**PROVIDED MATERIAL**
# # # # #

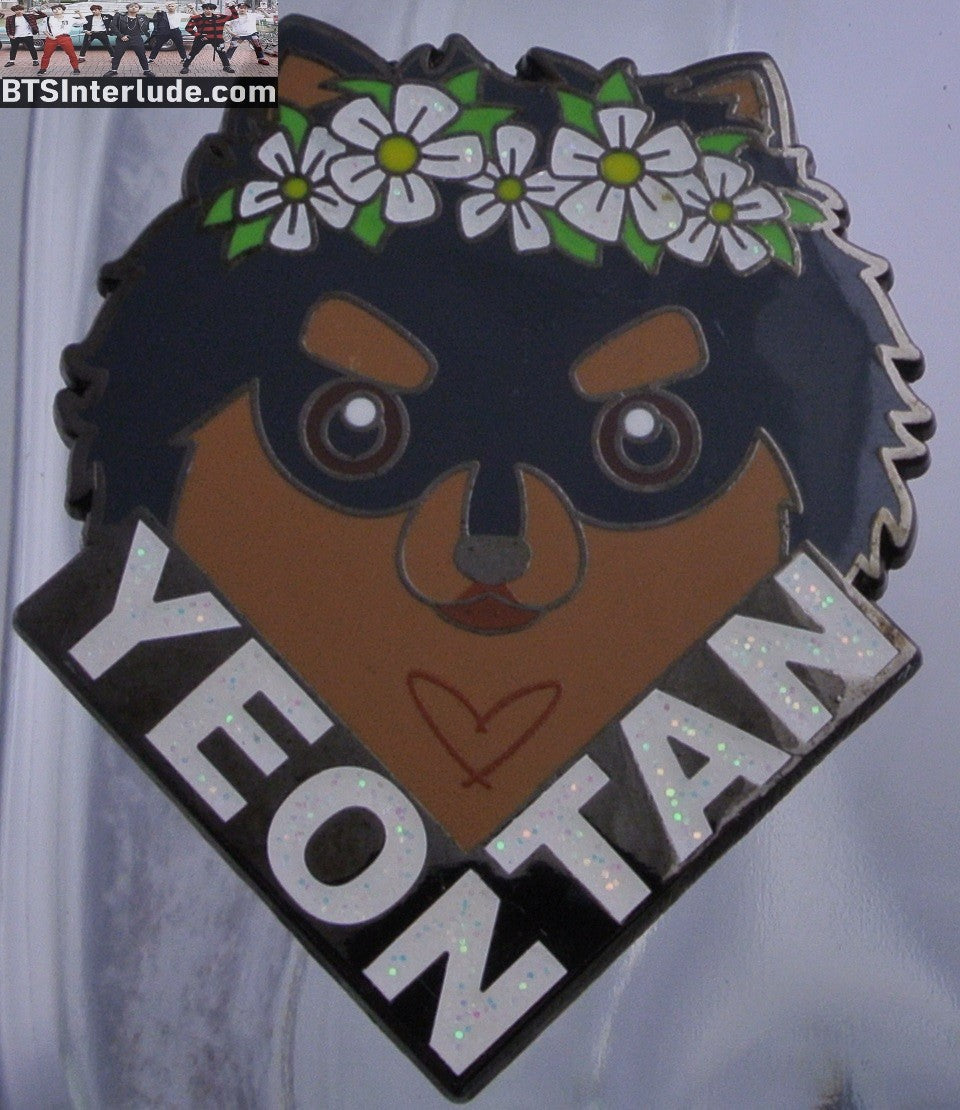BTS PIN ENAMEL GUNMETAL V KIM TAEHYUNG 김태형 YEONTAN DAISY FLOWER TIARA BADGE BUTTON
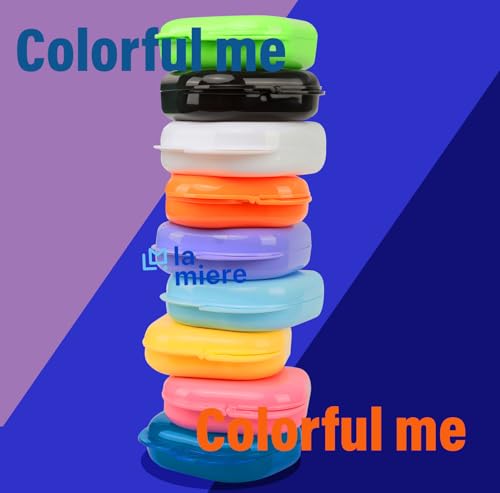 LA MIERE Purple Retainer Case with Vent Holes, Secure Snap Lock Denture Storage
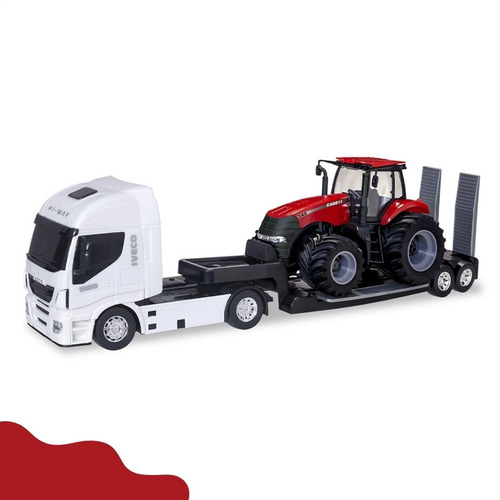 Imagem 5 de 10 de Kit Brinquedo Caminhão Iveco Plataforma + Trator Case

# # # # #

**YOUR GOAL**
The whole listing above is to be printed again exactly; pictures stay out of it.

**ANSWER FOR THE TASK**
BTS PIN ENAMEL GUNMETAL V KIM TAEHYUNG 김태형 YEONTAN DAISY FLOWER TIARA BADGE BUTTON
 LA MIERE Purple Retainer Case with Vent Holes, Secure Snap Lock Denture Storage
 Imagem 5 de 10 de Kit Brinquedo Caminhão Iveco Plataforma + Trator Case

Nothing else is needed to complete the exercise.